» Available data:
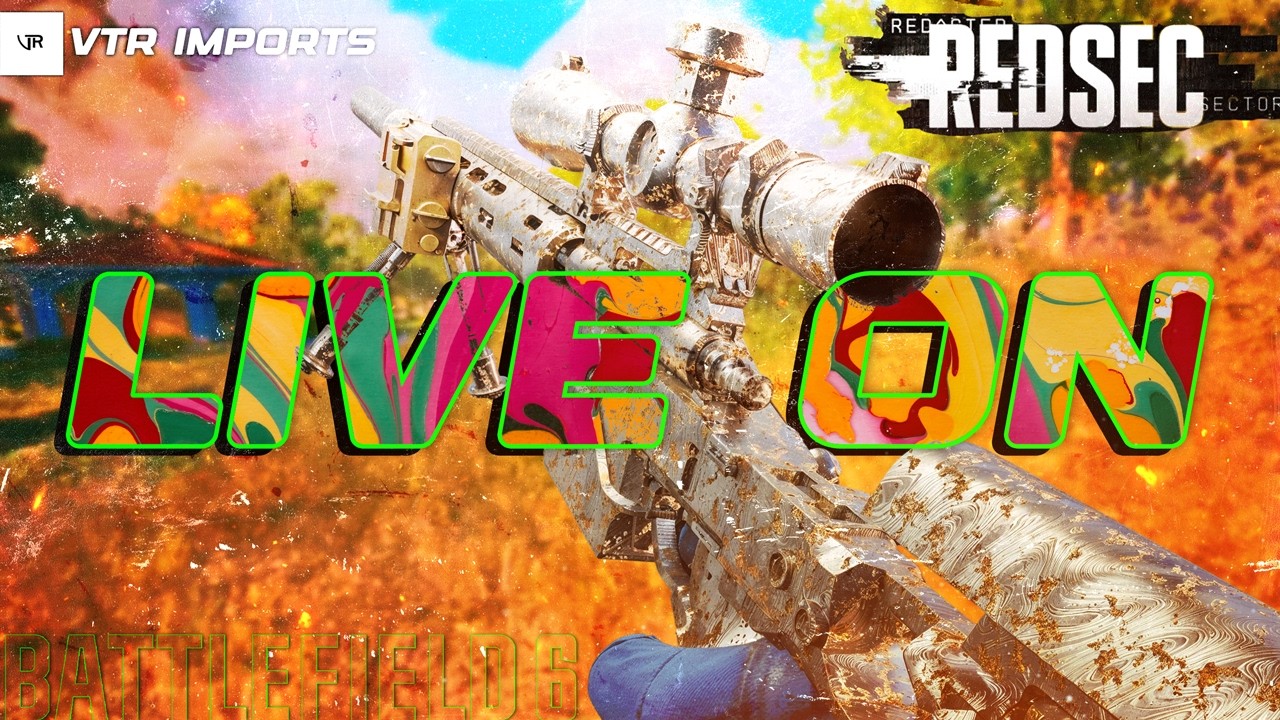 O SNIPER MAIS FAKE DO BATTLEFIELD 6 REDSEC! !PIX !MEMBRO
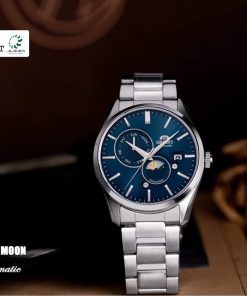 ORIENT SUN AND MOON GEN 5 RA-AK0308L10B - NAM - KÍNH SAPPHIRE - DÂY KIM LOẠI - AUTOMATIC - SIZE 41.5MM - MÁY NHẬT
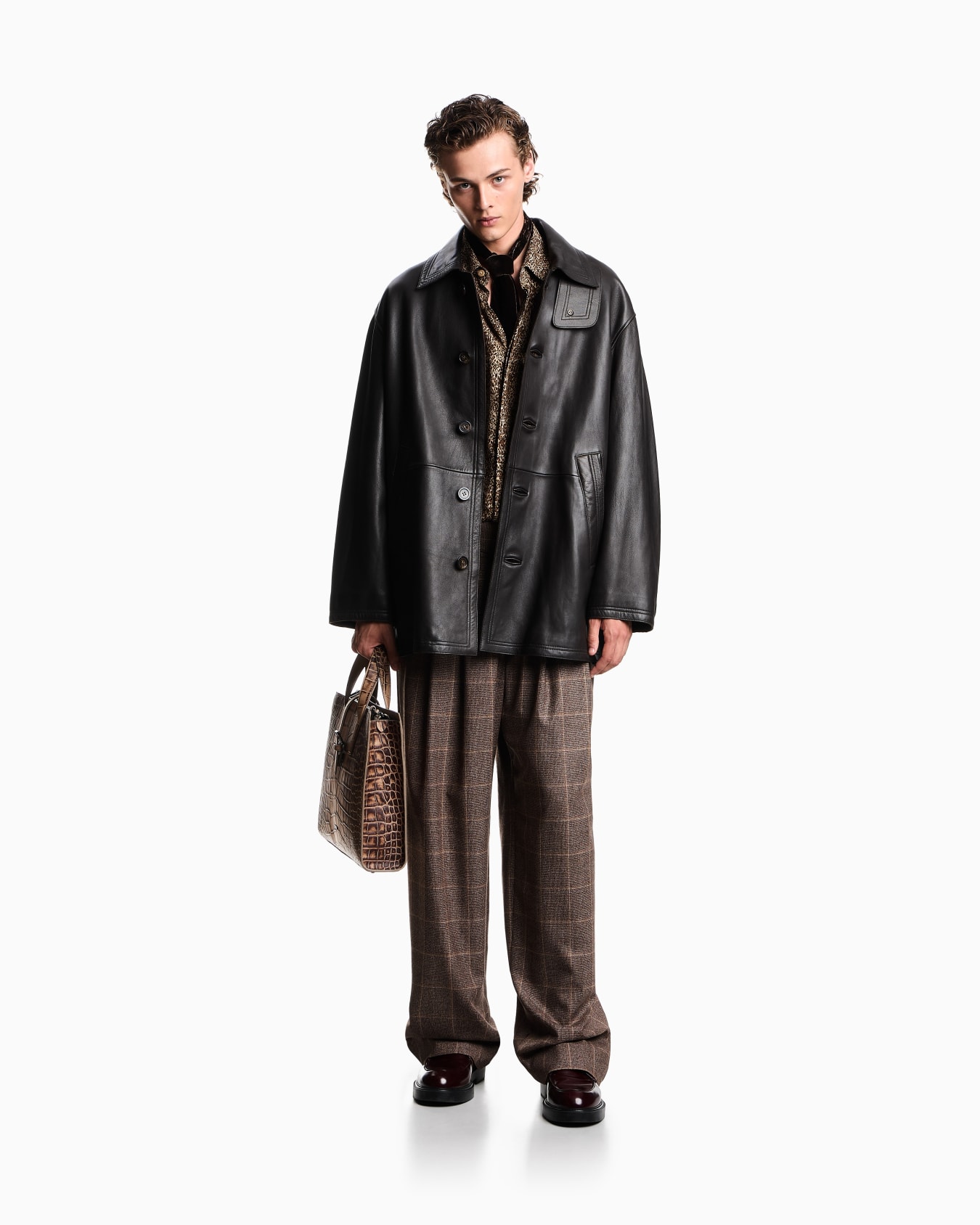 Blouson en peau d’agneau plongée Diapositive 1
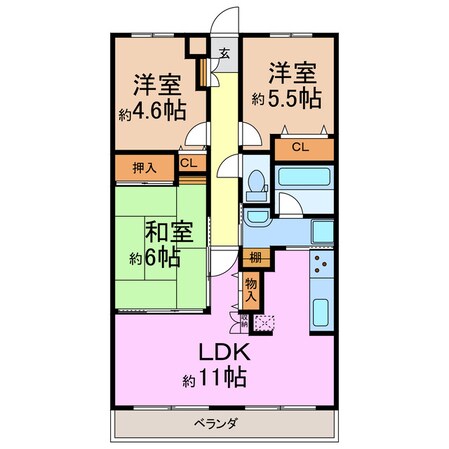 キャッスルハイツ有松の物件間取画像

» Assignment:
The listing above must be given again exactly, minus its pictures.

» Solution for this problem:
 O SNIPER MAIS FAKE DO BATTLEFIELD 6 REDSEC! !PIX !MEMBRO
 ORIENT SUN AND MOON GEN 5 RA-AK0308L10B - NAM - KÍNH SAPPHIRE - DÂY KIM LOẠI - AUTOMATIC - SIZE 41.5MM - MÁY NHẬT
 Blouson en peau d’agneau plongée Diapositive 1
 キャッスルハイツ有松の物件間取画像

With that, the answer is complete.